Here are the 	results:
                 Operation                      round merge  
max.buffered   runCnt   recsPerRun        rec/s  elapsedSec     
avgUsedMem    avgTotalMem
      [java] OpenReader -  -  -  -  -  -  -  -  0 -  10 -  -  -   10  
-  -   1 -  -  -  - 1 -  -   125.0 -  -   0.01 -   5,385,600 -  -  
9,965,568
      [java] SrchSameRdr_5000                   0    10            
10        1         5000      1,184.3        4.22     5,805,120       
9,965,568
      [java] SrchTrvSameRdr_5000 -  -  -  -  -  0 -  10 -  -  -   10  
-  -   1 -  -  427500 -   71,776.4 -  -   5.96 -   5,806,144 -  -  
9,965,568
      [java] SrchTrvSameRdrTopTen_5000          0    10            
10        1       427500     62,001.4        6.89     5,766,584       
9,965,568
      [java] SrchTrvRetLoadAllSameRdr_5000 -  - 0 -  10 -  -  -   10  
-  -   1 -  -  850000 -  - 7,226.4 -  - 117.62 -   6,161,728 -  -  
9,965,568
      [java] SrchTrvRetLoadSomeSameRdr_5000     0    10            
10        1       850000     10,334.0       82.25     6,162,752       
9,965,568
      [java] CloseReader -  -  -  -  -  -  -  - 0 -  10 -  -  -   10  
-  -   1 -  -  -  - 1 -  - 1,000.0 -  -   0.00 -   5,921,856 -  -  
9,965,568

The line I'm a bit confused by is the recsPerRun
For the tasks that are doing the traversal and the retrieval, why so  
many recsPerRun?  Is it counting the hits, the traversals and the  
retrievals each as one record?

What I am trying to do is compare:
Search
Search plus traversal of all hits
Search plus traversal of top ten
Search plus traversal and retrieval of all documents and all fields  
on the document
Search plus traversal and retrieval of all documents and some fields  
on the document

I think I see in the ReadTask that it is the res var that is being  
incremented and would have to be altered.  I guess I can go by  
elapsed time, but even that seems slightly askew.  I think this is  
due to the withRetrieve() function overhead inside the for loop.  I  
have moved it out and will submit that change, too.
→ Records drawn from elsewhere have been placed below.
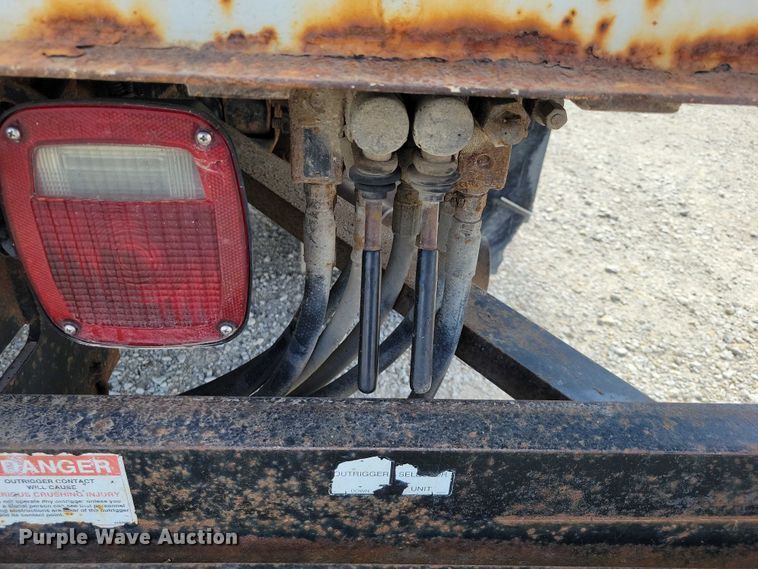 image for item NK9993 2010 Ford F450 Super Duty bucket truck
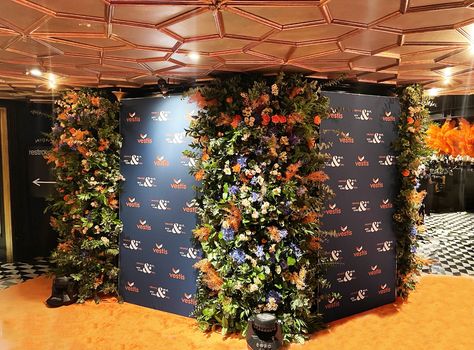 Flower walls act as a great backdrop for a step-and/repeat! Work with our team on your next branded event ✨#bfloralnyc #flowerwall #mediaevent #stepandrepeat #nycfloraldesigner #floraldesign #palmbeachfloraldesign Step And Repeat Backdrop Ideas, Step And Repeat Backdrop, Flower Walls, Step And Repeat, Havana Nights, Grass Roots, Backdrop Design, Stage Design, Flower Wall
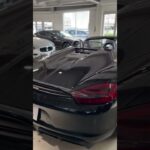981型のポルシェ ボクスター スパイダーに試乗します！ケイマンGT4に比べてソフトな足回りで街乗りもしやすく、オープントップにしてオートブリップ付きのMTで走る愉しさは格別です！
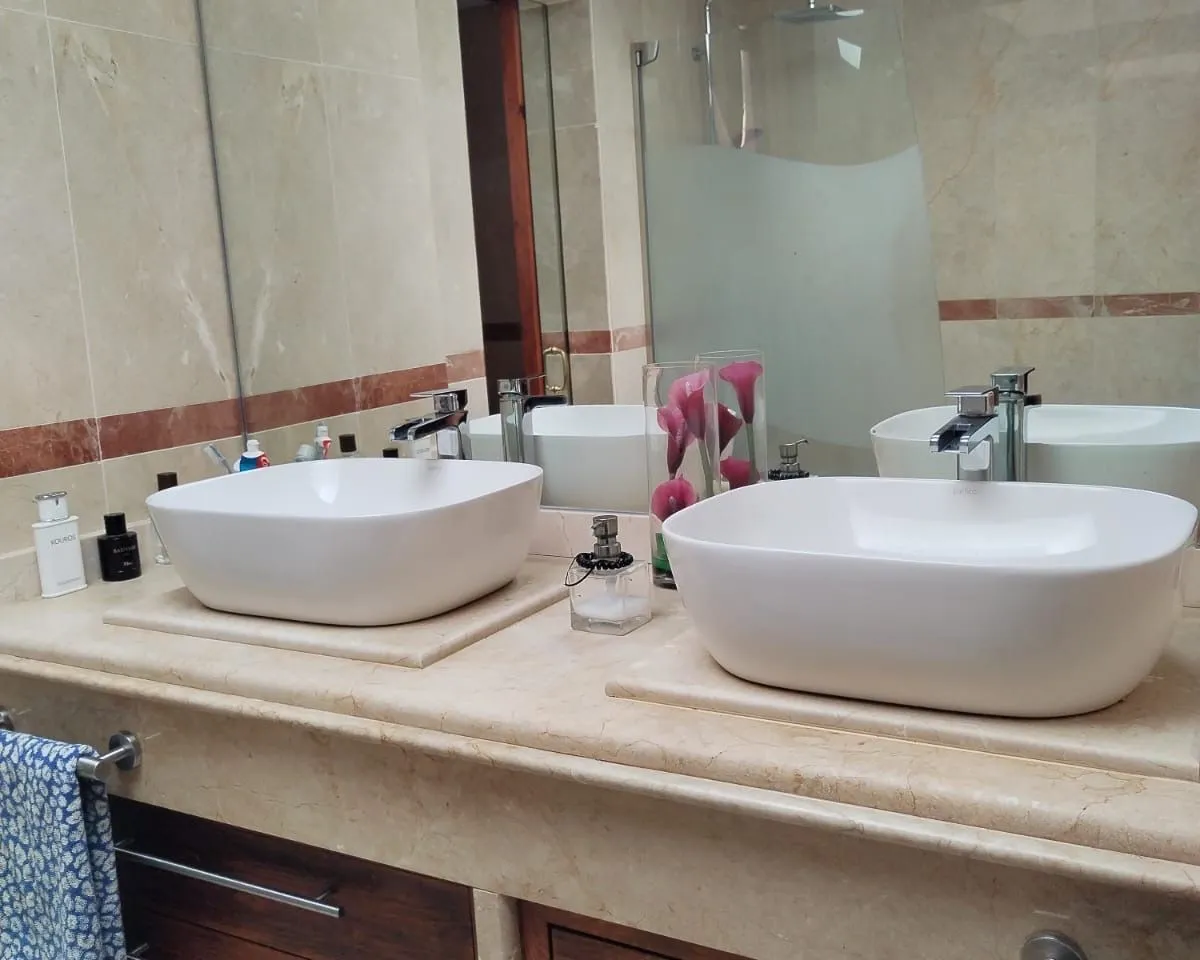 dd38db11-9fc2-4cdc-a56b-155d3a572ab7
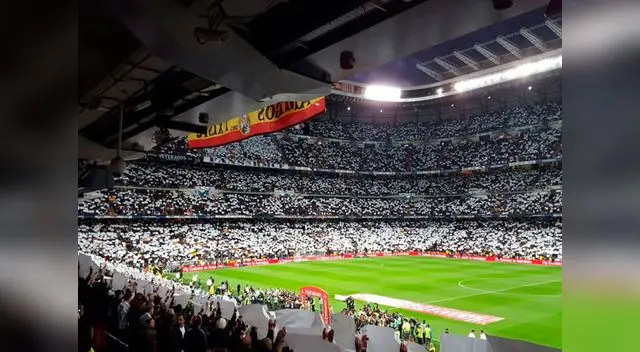 A estadio lleno los hinchas ven la derrota del Real Madrid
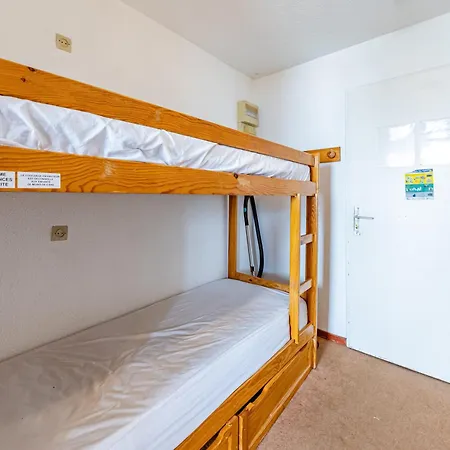Cosy 4 Pers Avec Balcon Sud, Au Pied Des Pistes Et Commerces A Francois Longchamp - Fr-1-807-31 Apartment *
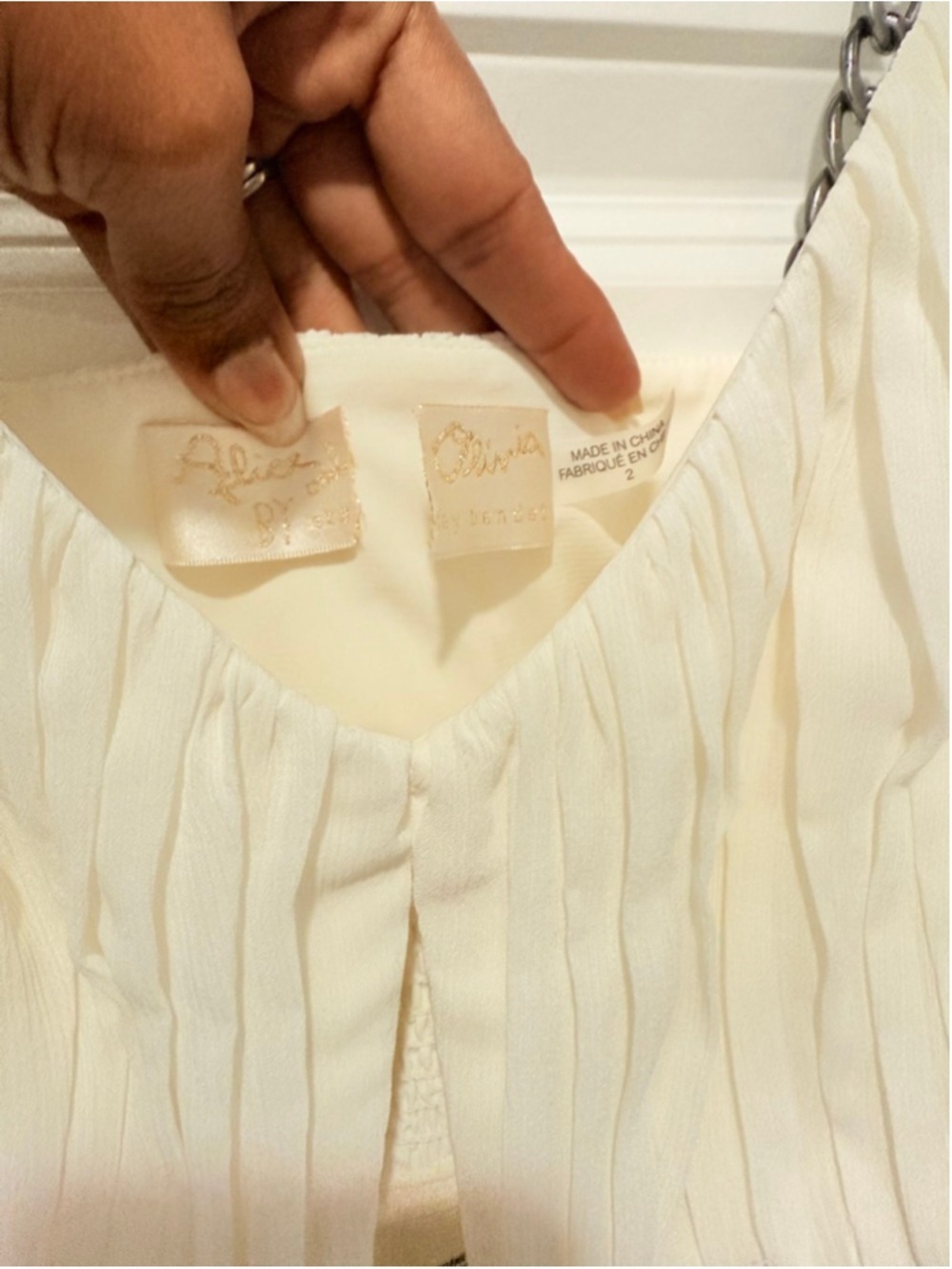 Women's Alice + Olivia Pleated Cutout Jumpsuit in Off White, Size 2 - Picture 11 of 11
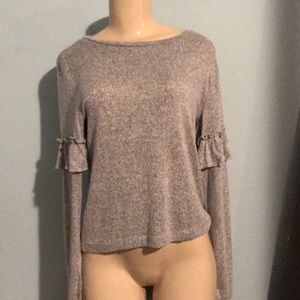 Cute sweater top 💕💕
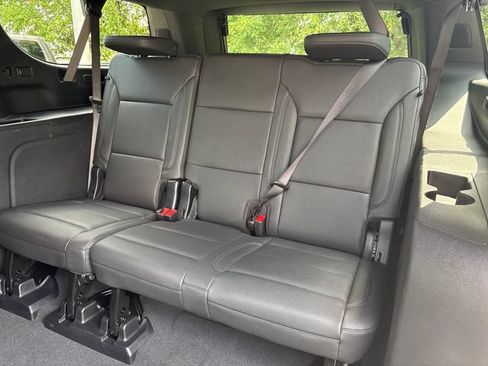 Used 2026 Chevrolet Suburban Z71 w/ Comfort Package AWD/4WD image 21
Am I interpreting this correctly?

-Grant

On Mar 19, 2007, at 5:11 PM, Doron Cohen wrote:

> Grant Ingersoll <gs...@apache.org> wrote on 19/03/2007 13:10:16:
>
>> So, if I am understanding correctly:
>>
>>>> "SearchSameRdr" Search > : 5000
>>
>> means don't collect indiv. stats fur SearchSameRdr, but do whatever
>> that task does 5000 times, right?
>
> Almost...
>
> It should be btw
>    { "SearchSameRdr" Search > : 5000
> and it means: run Search 5000 times, sequentially, 5000 times,  
> assign the
> name "SearchSameRdr" to that sequence of 5000, and do not collect
> individual stats for the individual tasks making that sequence.
>
> If it was just
>   { Search > : 5000
> it would still mean the same, just that a name was assigned to this  
> for
> you, something like: "Seq_Search_5000".
>
> If it was:
>    { "SearchSameRdr" Search } : 5000
> it would be the same as your example, just that stas would be  
> collected not
> only for the entire elapsed sequence, but also breaking it down for  
> each of
> the 5000 calls to "Search".
>
> Similar logic with
>   [ .. ]
> and
>   [ .. >
> just that the tasks making the (parallel) sequence are executed in
> parallel, each in a separate thread.
>
>>
>>>
>>>> 3. Is there anyway to dump out the stats as a CSV file or  
>>>> something?
>>>> Would I implement a Task for this?  Ultimately, I want to be  
>>>> able to
>>>> create a graph in Excel that shows tradeoffs between speed and
>>>> memory.
>>>
>>> Yes, implementing a report task would be the way.
>>> ... but when I look at how I implemented these reports, all the
>>> work is
>>> done in the class Points. Seems it should be modified a little with
>>> more
>>> thought of making it easiert to extend reports.
>>
>> I may take a crack at it, but deadline for the talk is looming
>
> I'll take a look too, let you know if I have anything.
>
>>> - Being intetested in memory stats - the thing that all the rounds
>>> run in a
>>> single program, same JVM run, usually means what you see is very  
>>> much
>>> dependent in the GC behavior of the specific VM you are using. If
>>> it does
>>> not release memory (most likely) to the OS you would not be able to
>>> notice
>>> that round i+1 used less memory than round i. It would probably
>>> better for
>>> something like this to put the "round" logic in an ant script,
>>> invoking
>>> each round in a separate new exec. But then things get more
>>> complicated for
>>> having a final stats report containing all rounds. What do you
>>> think about
>>> this?
>>
>> Good to know.  Perhaps a GarbageCollectionTask is needed?
>
> ResetSystemSoft and ResetSystemErase both call GC;
> Is this sufficient, task wise?
> The concern is that this is not enough gc/mem wise, because the JVM  
> already
> has some memory, that the OS is not going to reclaim.
>
>> So, I should wrap those task in an OpenReader/CloseReader?
>
> Yes, if you want the same reader object to be used by all these.
>
>
>
> ---------------------------------------------------------------------
> To unsubscribe, e-mail: java-user-unsubscribe@lucene.apache.org
> For additional commands, e-mail: java-user-help@lucene.apache.org
>

------------------------------------------------------
Grant Ingersoll
http://www.grantingersoll.com/
http://lucene.grantingersoll.com
http://www.paperoftheweek.com/



---------------------------------------------------------------------
To unsubscribe, e-mail: java-user-unsubscribe@lucene.apache.org
For additional commands, e-mail: java-user-help@lucene.apache.org

Re: contrib/benchmark questions

Posted by Doron Cohen <DO...@il.ibm.com>.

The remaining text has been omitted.